FARMINGTON – A year-round farmers market featuring produce grown in the immediate area is expected to open on the Farmington Falls Road in August.

Erick and Trudy Johnson received Planning Board approval Monday to tear down a small rental house and build a 28- by 40-foot ranch-style building. The structure will have a farmer’s porch across the front which will serve as the Sandy River Farmers Market.

The market will be located across the road from the Johnson family’s Sandy River Farm so that people can see where their food is coming from, she said.

The couple has put a lot of thought and research into the project over the past couple of years; Erick visited similar operations throughout the country, from California to New England, she said.

“He’s talked to a lot of people. It will be hard work but what isn’t, on a farm. It’s a seven-days-a-week job,” she said.

While their corn stand in town will be kept open this summer and local grocers will still be supplied with corn from the farm, the couple hopes to open the market in time to sell corn, tomatoes and other produce fresh from their gardens.

The market will feature their own milk, butter, cheese, yogurt, ice cream and mixed grains to feed chickens. Whole corn for heating fuel will also be sold to supply the agri-energy corn stoves the couple is in the process of introducing into the marketplace.

With plans to be open all year, seven days a week, the couple wants the market to include products from other farmers.

A Mount Vernon farmer who grows small greens year-round but doesn’t have the exposure to the public has already expressed interest. A brother-in-law with an organic beef operation will supply frozen, vacuum-sealed meat, while the couple has started raising chickens for the market.

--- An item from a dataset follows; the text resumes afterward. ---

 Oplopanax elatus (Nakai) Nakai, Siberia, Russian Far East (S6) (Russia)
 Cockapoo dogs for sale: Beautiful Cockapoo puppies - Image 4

The meats will all be frozen and not fresh, she said.

Her father, Herbert L. “Bussie” York, has planted wheat this year and a small grinder will allow customers to grind their own wheat flour or buy pre-ground flour, Johnson said.

“My father likes to bring the public into the job he does and loves,” she said.

Led by the belief in involving the public in agriculture, milk is sold from the Sandy River Farm, and customers are allowed to pet the cows and see the calves, she said.

In the future, the couple hopes to get back to milk in glass bottles. It’s becoming popular now as an alternative to plastic, she said. They are experimenting on the bottling and processing of milk and may even offer home deliveries in the future. Local stores have approached them about stocking their milk.

The proposed market may also mean a few jobs for the local economy as help will be needed to keep the market open year-round, she said.